Caption-style text data:
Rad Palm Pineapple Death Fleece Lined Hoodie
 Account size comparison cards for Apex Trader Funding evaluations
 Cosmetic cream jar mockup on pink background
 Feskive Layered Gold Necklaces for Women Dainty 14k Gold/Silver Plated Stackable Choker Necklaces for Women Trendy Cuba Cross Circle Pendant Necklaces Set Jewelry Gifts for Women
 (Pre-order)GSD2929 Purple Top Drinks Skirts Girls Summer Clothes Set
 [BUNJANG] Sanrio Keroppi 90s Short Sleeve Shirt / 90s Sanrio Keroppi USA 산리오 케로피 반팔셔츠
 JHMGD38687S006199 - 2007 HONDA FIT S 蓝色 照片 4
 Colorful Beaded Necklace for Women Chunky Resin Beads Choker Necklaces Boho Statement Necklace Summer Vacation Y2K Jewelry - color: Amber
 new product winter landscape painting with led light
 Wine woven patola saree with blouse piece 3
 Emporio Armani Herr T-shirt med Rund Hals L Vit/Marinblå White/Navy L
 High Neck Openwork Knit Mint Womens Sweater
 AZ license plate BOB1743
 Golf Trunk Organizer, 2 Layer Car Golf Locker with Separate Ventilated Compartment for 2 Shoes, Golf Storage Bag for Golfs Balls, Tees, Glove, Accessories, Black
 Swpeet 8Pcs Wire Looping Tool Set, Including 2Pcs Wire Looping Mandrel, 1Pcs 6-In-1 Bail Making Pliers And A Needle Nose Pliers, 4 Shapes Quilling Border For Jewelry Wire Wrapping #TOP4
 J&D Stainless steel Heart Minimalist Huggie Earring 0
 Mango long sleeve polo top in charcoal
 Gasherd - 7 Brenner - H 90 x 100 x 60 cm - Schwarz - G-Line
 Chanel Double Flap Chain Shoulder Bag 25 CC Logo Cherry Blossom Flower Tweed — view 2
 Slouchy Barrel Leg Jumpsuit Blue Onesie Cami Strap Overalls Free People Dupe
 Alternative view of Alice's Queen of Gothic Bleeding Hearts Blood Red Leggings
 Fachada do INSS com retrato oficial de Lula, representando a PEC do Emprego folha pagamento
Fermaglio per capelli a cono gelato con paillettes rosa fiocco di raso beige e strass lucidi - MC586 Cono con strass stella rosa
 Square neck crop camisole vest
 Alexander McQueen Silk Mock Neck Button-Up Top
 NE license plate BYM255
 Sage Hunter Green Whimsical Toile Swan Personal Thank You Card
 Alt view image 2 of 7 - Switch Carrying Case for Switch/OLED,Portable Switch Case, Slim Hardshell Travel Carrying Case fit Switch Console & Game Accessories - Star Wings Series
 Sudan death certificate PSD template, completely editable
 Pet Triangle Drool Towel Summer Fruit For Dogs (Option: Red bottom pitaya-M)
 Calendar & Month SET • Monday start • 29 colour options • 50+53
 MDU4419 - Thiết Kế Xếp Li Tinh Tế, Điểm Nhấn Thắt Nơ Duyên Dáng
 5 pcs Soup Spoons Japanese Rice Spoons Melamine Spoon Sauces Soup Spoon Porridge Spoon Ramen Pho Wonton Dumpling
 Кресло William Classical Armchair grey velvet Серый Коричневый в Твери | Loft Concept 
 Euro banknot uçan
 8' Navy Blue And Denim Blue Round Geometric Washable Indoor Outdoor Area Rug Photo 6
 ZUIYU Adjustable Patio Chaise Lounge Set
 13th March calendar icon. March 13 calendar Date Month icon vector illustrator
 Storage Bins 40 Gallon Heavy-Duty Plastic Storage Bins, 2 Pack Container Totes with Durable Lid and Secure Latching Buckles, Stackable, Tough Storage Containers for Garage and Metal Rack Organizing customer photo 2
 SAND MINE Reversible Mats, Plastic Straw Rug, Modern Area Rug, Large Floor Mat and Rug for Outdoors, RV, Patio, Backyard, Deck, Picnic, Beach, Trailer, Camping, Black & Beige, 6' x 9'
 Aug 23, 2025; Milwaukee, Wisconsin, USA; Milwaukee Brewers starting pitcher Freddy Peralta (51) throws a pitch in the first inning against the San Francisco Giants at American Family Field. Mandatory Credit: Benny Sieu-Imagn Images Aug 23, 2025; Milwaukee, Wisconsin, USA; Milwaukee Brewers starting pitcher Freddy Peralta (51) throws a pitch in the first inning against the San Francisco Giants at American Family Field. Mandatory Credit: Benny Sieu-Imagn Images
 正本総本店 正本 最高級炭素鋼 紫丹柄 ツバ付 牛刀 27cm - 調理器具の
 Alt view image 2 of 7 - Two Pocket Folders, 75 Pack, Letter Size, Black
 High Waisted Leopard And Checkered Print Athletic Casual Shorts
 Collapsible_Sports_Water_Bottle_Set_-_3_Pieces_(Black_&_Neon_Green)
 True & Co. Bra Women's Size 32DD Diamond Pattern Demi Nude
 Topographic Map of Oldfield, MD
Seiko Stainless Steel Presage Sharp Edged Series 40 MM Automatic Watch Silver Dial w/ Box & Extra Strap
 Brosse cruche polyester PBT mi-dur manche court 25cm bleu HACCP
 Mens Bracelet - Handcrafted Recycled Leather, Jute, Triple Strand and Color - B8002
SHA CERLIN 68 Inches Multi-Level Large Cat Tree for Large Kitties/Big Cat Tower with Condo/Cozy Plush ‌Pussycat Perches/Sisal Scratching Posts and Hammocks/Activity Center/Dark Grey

EXERCISE OBJECTIVE
Scan the records above. Return every line with "High" in it.

FINISHED TASK
 High Neck Openwork Knit Mint Womens Sweater
 High Waisted Leopard And Checkered Print Athletic Casual Shorts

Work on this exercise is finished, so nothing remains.